# Dyn Audio MW182 8-Inch Woofer review



## ErinH (Feb 14, 2007)

Dyn Audio MW182 8-Inch Woofer review is up!






Dyn Audio MW182 10-Inch Woofer Review


Dyn Audio MW182 10-Inch Mid/Woofer Review




www.erinsaudiocorner.com


----------



## dgage (Oct 1, 2013)

And the MW182? You’re a beast. When do you sleep?


----------



## ErinH (Feb 14, 2007)

dgage said:


> And the MW182? You’re a beast. When do you sleep?


I don’t. That will change soon. I’m gonna have to throttle back.


----------



## dgage (Oct 1, 2013)

ErinH said:


> I don’t. That will change soon. I’m gonna have to throttle back.


I've been doing similar on the work front. Definitely need to pace yourself and I need to take my own advice better.


----------



## Ge0 (Jul 23, 2007)

He has one more surprise driver I sent him. Do we see this before his marathon is over or has he had enough? Will Erin throw in the towel ?

Ge0


----------



## ErinH (Feb 14, 2007)

Ge0 said:


> He has one more surprise driver I sent him. Do we see this before his marathon is over or has he had enough? Will Erin throw in the towel ?
> 
> Ge0


Oh yea... forgot about that little piece of junk. 

I’ll throw it on the Klippel. But I won’t dedicate an entire day to testing that one.


----------



## Ge0 (Jul 23, 2007)

ErinH said:


> Oh yea... forgot about that little piece of junk.
> 
> I’ll throw it on the Klippel. But I won’t dedicate an entire day to testing that one.

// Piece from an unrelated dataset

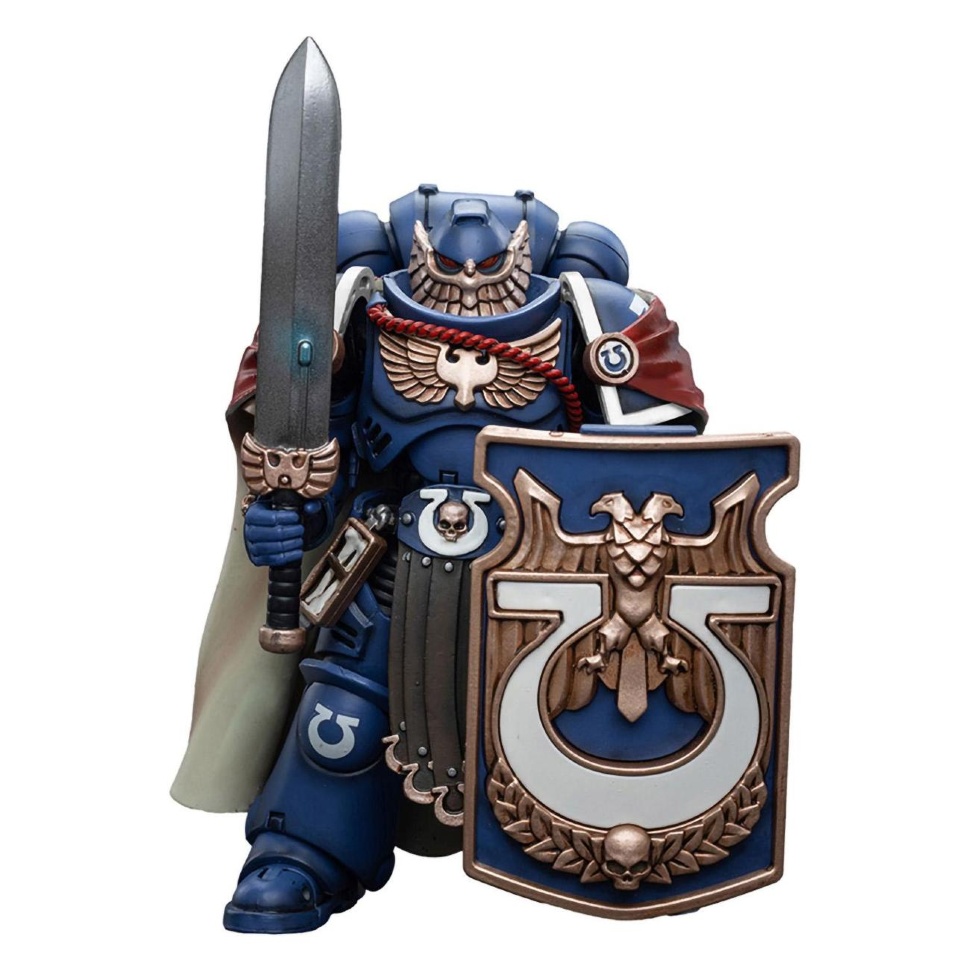 JoyToy Warhammer Ultramarines Victrix Guard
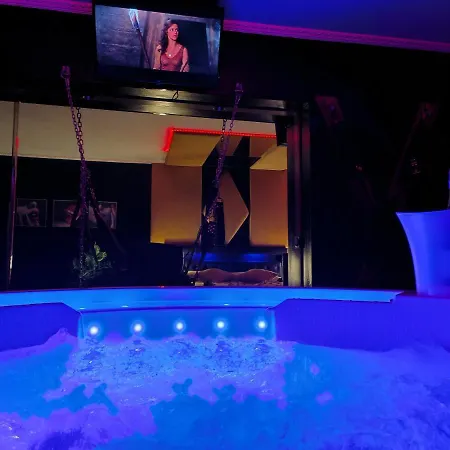 La Loveroom Bdsm De Nice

Do what you can oh Swami of speaker testing.

Ge0


----------



## SQ_Bronco (Jul 31, 2005)

Are the 80hz-5khz and 20hz-20khz “max spl” thd measurements really relevant for a driver like this? Something like a 60-400 might better represent how it will be used in a typical car install. No one is going to be running a 10” woofer to 5khz.

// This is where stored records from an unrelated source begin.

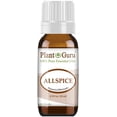 thumbnail image 1 of Allspice Essential Oil 10 ml 100% Pure Undiluted Therapeutic Grade., 1 of 3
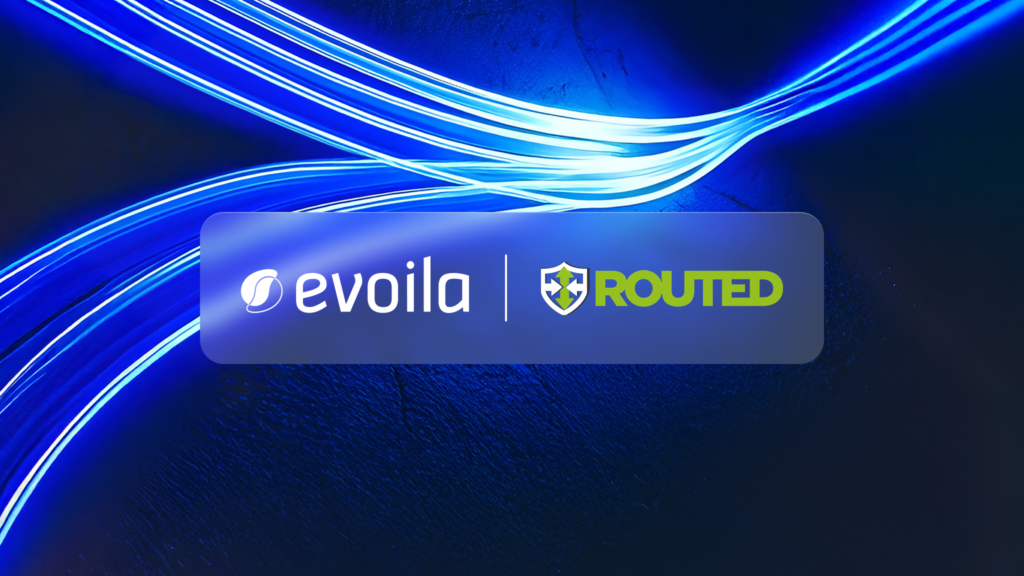 evoila acquires African cloud specialist Routed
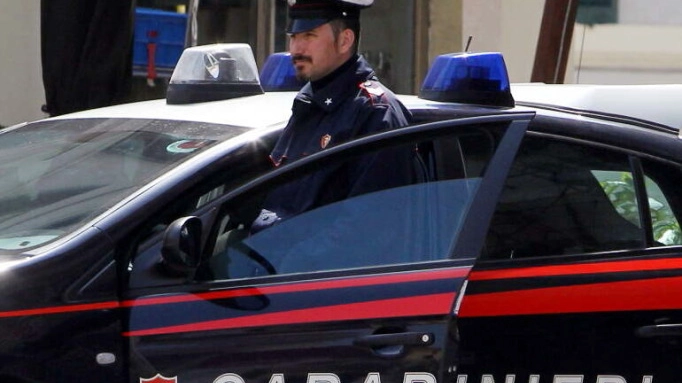 Sul caso lavorano i carabinieri di San Lazzaro e il Radiomobile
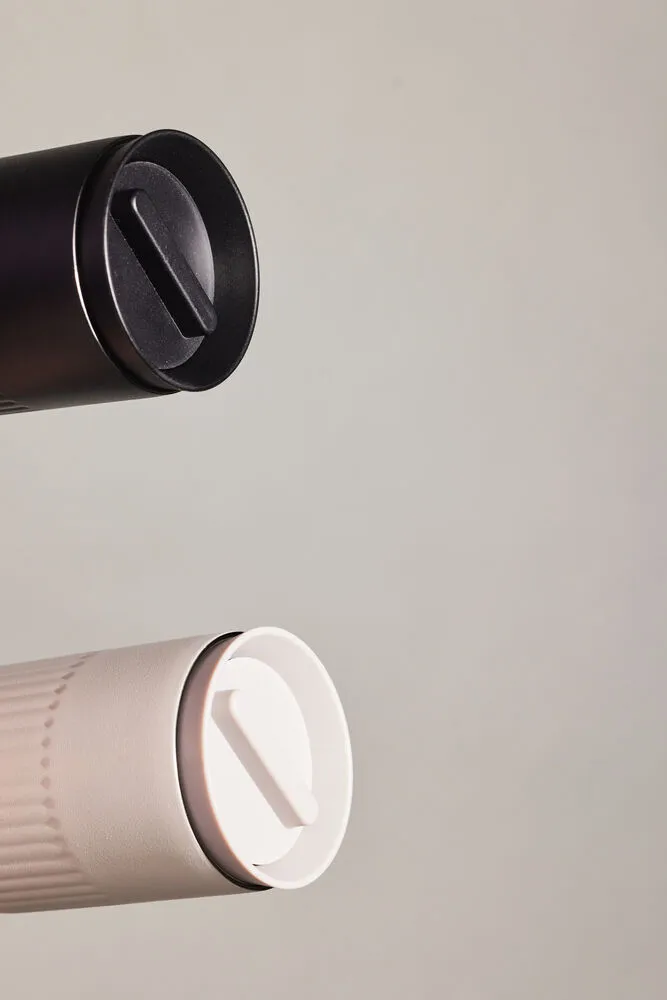 Tova bilkrus termokrus 32 cl, Sort Sagaform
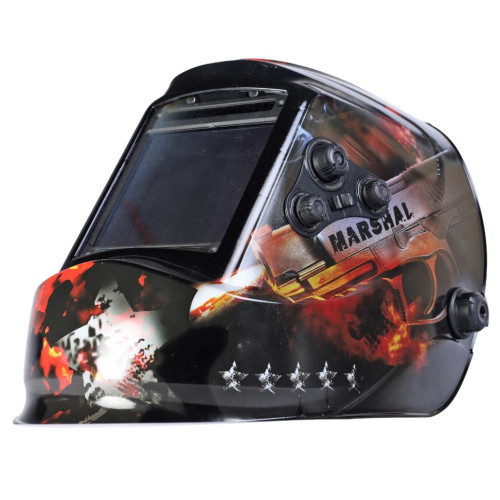 Щиток сварщика PATRIOT WH800E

seeing a “measured max spl” of 99 dB because a 10” woofer hits a 10% thd limit at 4 kHz -ish isn’t that useful. In it’s typical range it’s probably much better.

Anyway thanks again for the hard work!


----------



## ErinH (Feb 14, 2007)

I actually don't disagree with your proposed method. However, the reasons I chose 80-5k was:
1) My sanity. I don't want to have 5 or 6 different versions of the test. I know me. I'm bound to test one with the wrong template and not realize it until it's shipped back. So, I have 3 distinct bandwidths: subwoofer, mid/woofer/range, midrange. It's not exactly "fair" to every driver type but it provides an easy apples-to-apples without me having countless templates for every size and type of speaker under the sun. Some might want to use a driver as a dedicated midbass while others would use it as a mid/woofer. Etc. And with that said, for me, the main takeaway of this information is the distortion profile with/without the bandpass applied.
2) I want to see what's going on an octave above the typical LPF region because that does still effect what happens below it thanks to the nature of the multitone test itself (it's not just harmonics).


----------



## ErinH (Feb 14, 2007)

Update:

After some feedback, some thinking and a whole lot of re-testing, I have revised my tests to include better distortion measurements. I updated the Purifi results last night.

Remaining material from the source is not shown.